Sharp increase seen in mental health calls over past year

Benny Westcott

Calls for service to the Sweet Home Police Department from people suffering from mental health issues have gone up dramatically in the first quarter of 2021 compared to the first quarter of 2020.

In the first quarter of 2020, 31 calls were made to the police that Sweet Home officers deemed were from people with mental health issues were reported in the first quarter of 2020, while 120 such calls were reported in the first quarter of 2021.

“We’re trying to tackle the issue of our frequent flyers on mental health calls,” said Police Chief Jeff Lynn at the April 19 meeting of the Sweet Home Community Health Committee.

Lynn wrote in an April 23 report to the City Council that, in order to address the sharp increase in calls, “Community Service Officer Sean Morgan and I have been in contact with Linn County Mental Health. Our intent is to work with Linn County Mental Health on a regular basis (ideally weekly) and attempt some additional outreach and follow-up with certain individuals that we are having repeated contacts with.”

“Our increased engagement with Linn County Mental Health may also help us address the increase in calls involving individuals believed to be suicidal,” he went on. “The same type of follow-up may benefit those individuals as well.”

Lynn said he and Morgan recently had a meeting with Linn County Department of Health Services Crisis and Admissions Supervisor Justin Thomas that Lynn said was “fairly productive.”

“We’re trying to develop some plans to get a few more resources out here on a weekly basis to do some engagement and maybe some interaction, whether that’s through med deliveries or something else,” Lynn said.

In other meeting activity, committee member Larry Horton made some reports on the situation regarding Sweet Home’s homeless.
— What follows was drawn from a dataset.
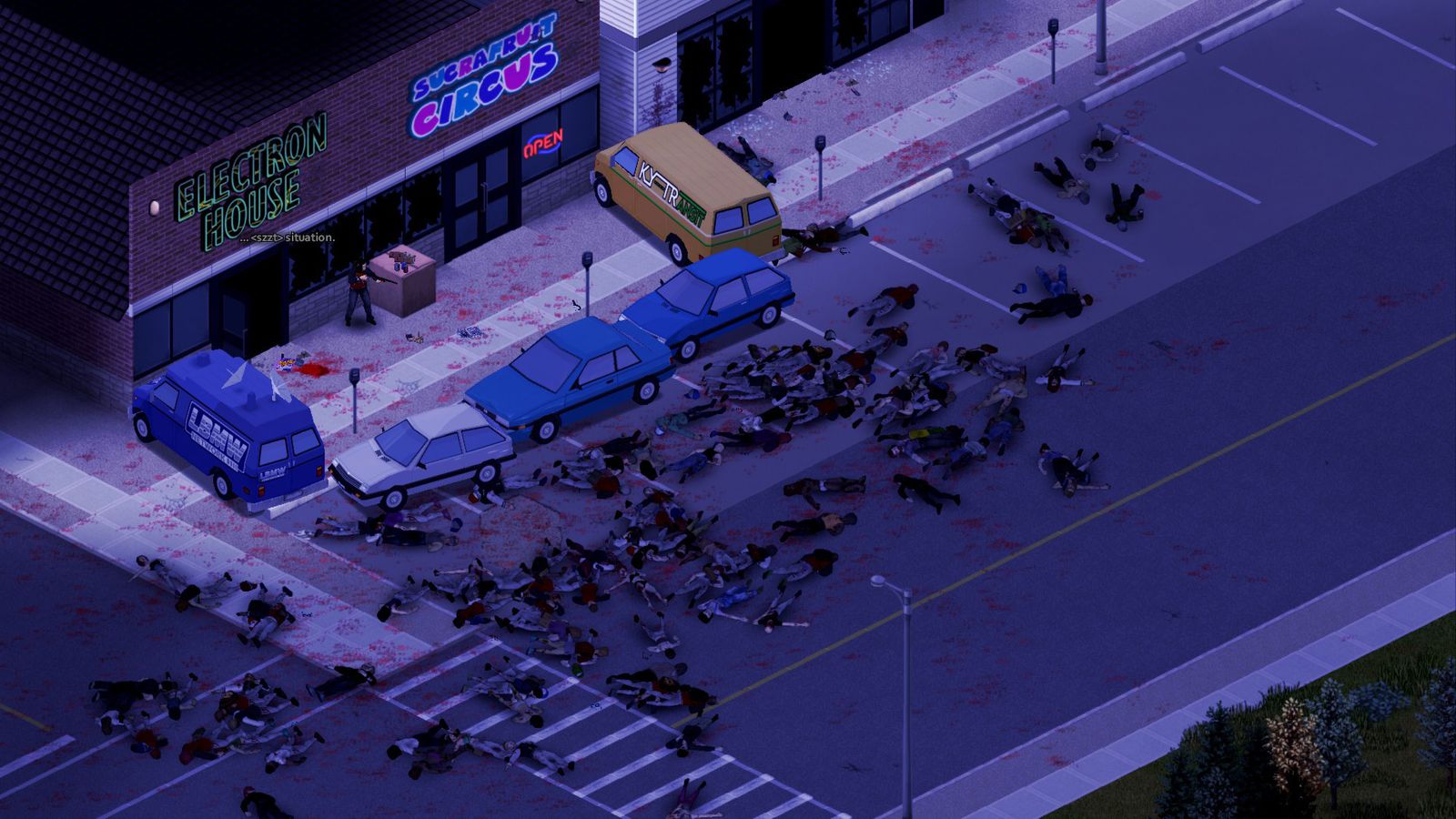Isometric pixel-art game scene of a bloody zombie massacre on a city street outside a strip mall at night.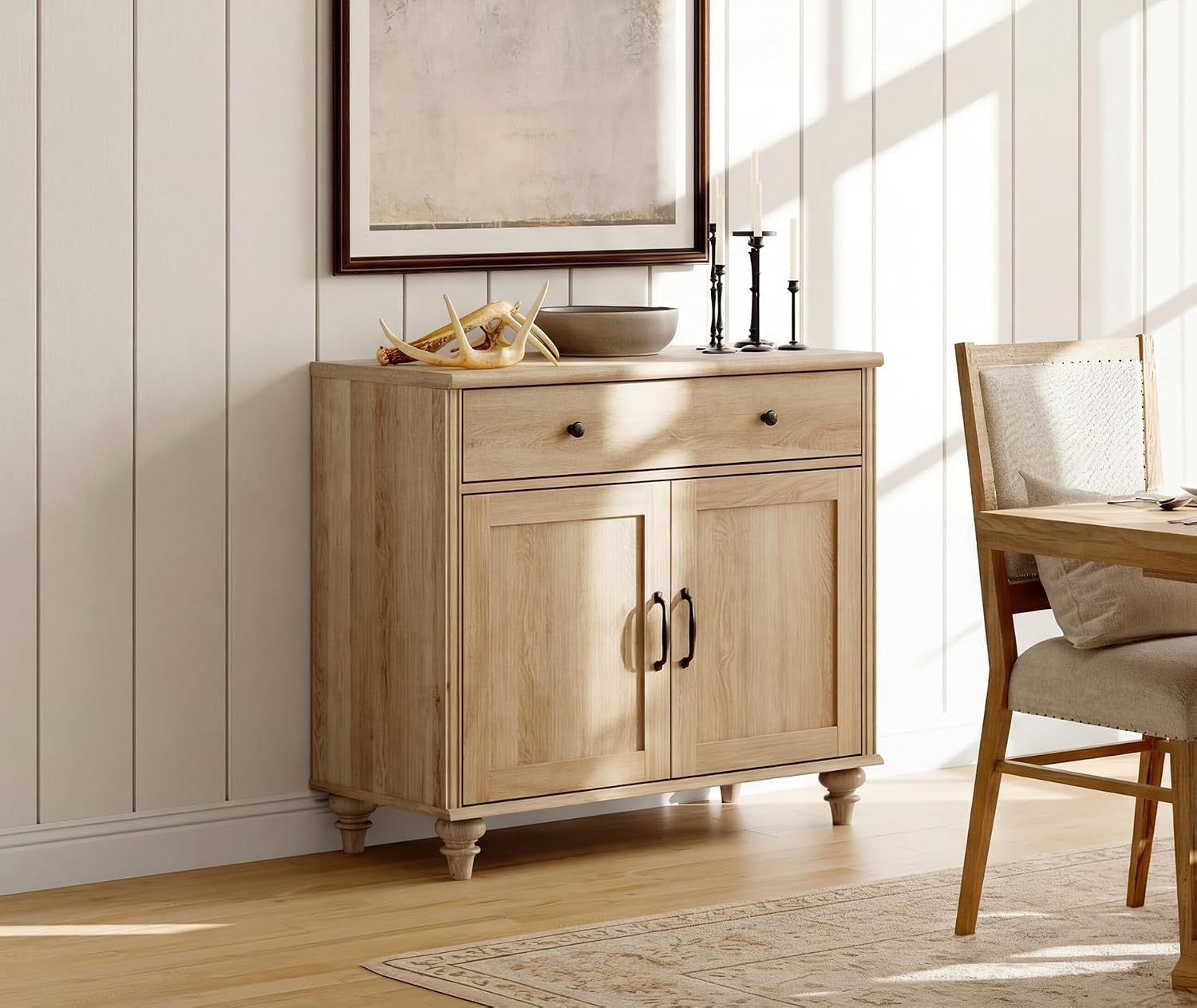 34" Oak Farmhouse Sideboard Cabinet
He said that CHANCE, an addiction treatment center in Albany, is currently providing transitional housing for Sweet Home’s homeless. They rented rooms in one of the local motels to be available to the homeless.
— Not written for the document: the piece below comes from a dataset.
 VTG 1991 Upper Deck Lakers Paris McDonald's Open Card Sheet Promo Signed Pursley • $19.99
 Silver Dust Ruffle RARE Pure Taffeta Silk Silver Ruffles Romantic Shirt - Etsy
And one homeless man in Sweet Home is in transitional housing after being homeless for 25 years.

“That is a major success,” said Horton.

“This gentleman has not ever wanted to be anything other than what he’s been,” Horton said. “I’m not sure what has changed in his life, but I think that the camp that was set up at the Nazarene Church gave him a lot of support. And I think that the people that he met there gave him encouragement and helped him focus on a new life.”

The man will hopefully be moving into regular housing by June, Horton said, adding “This is just a transition that he’s staying in the hotel for now.”

“That is a success story that would not have happened if we hadn’t gotten involved,” Horton said to his fellow Community Health Committee members.

In other news, Horton said that Helping Hands is developing the Hope Center into some type of facility for the homeless.

“They’re still in the infancy stages of planning,” he said. “They don’t want to go public with everything that they are doing yet. But they have some fantastic ideas that they are looking at putting into place here in Sweet Home. If it all happens, it’s going to be a major difference for Sweet Home’s homeless.”